Disclaimer: These are my personal notes on this paper. I am in no way related to this paper. All credits go towards the authors.

MagNet: A Two-Pronged Defense against Adversarial Examples

Sept. 11, 2017 - Paper Link - Tags: Adversarial, Detection

Summary

They used two extra neural networks. One is a detector, which determines if a sample is adversarial or not. If not adversarial, the sample goes through a reformer to bring the sample closer to the manifold, which increases the likelihood of correct classification. The manifold is the line in the feature space that represents normal examples. This is outlined below.

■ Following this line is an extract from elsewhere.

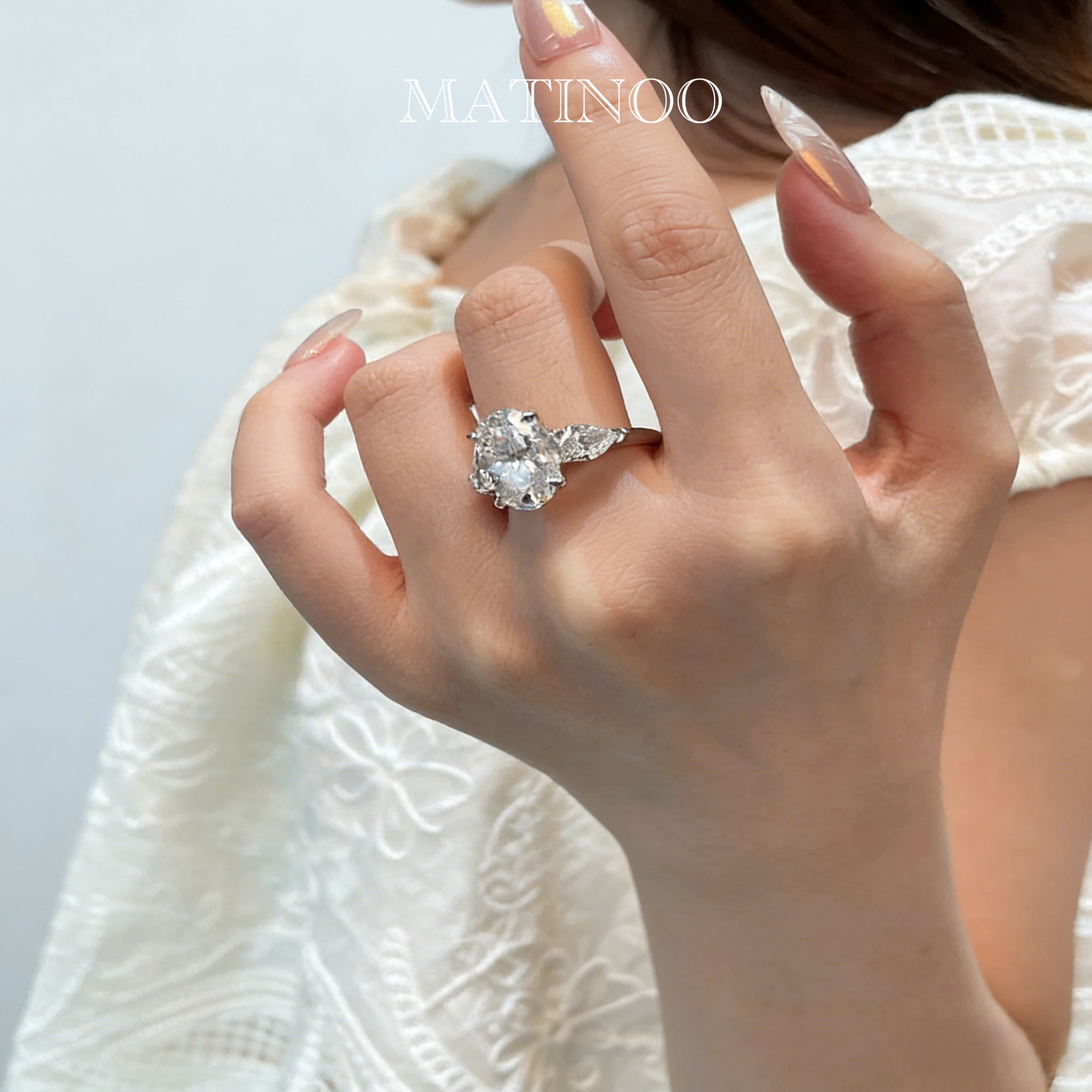 Oval Cut Pigeon Egg Ring - Three Stone Lab Diamond Ring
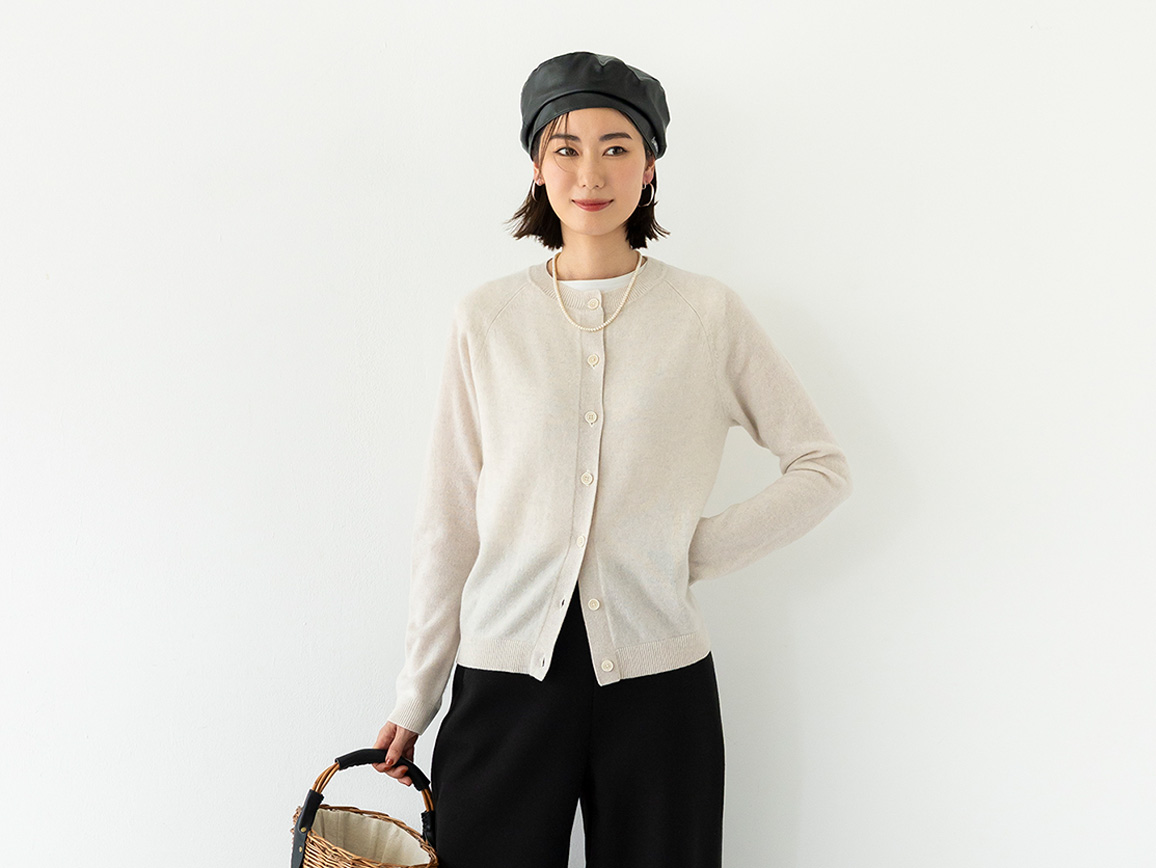 49AV.ジュンコシマダ・カシミヤクルーネックカーディガン 49AV.ジュンコシマダ・カシミヤクルーネックカーディガン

Note, no adversarial examples were used.

Notes

There are three ways to defend against adversarial examples:

Adversarial Training - Training with adversarial examples
Distinguish between normal and adversarial examples - Required adversarial examples
Defensive Distillation

Carlini & Wagner showed that defensive distillation did not significantly increase the robustness of neural networks. Defensive distillation is: "making target classifiers hard to attack by blocking gradient path-way - Papernot et al.
The reformer used was an autoencoder - a neural network trained to attempt to copy its input to its output
Jensen-Shannon divergence used for the autoencoder (reformer) as a similarity metric
Distance metrics used: \(L^0, L^2, L^\infty\), i.e. the \(L^P\) norm
Tested against 4 attacks: Fast gradient sign method, iterative gradient sign method, deepfool, Carlini attack
Uses a detecting adversarial examples method that does not require adversarial samples
Uses "reconstruction error" to estimate how far a test example is from the minfold of normal examples

Analysis

Performed very poorly on whitebox attacks. They changed this to a graybox attack by randomising which set of neural networks to use.
Good results against Carlini when using a graybox approach. Table 6,7,8 in paper shows the results.

Citation: Meng, Dongyu, and Hao Chen. "Magnet: a two-pronged defense against adversarial examples." Proceedings of the 2017 ACM SIGSAC conference on computer and communications security. 2017.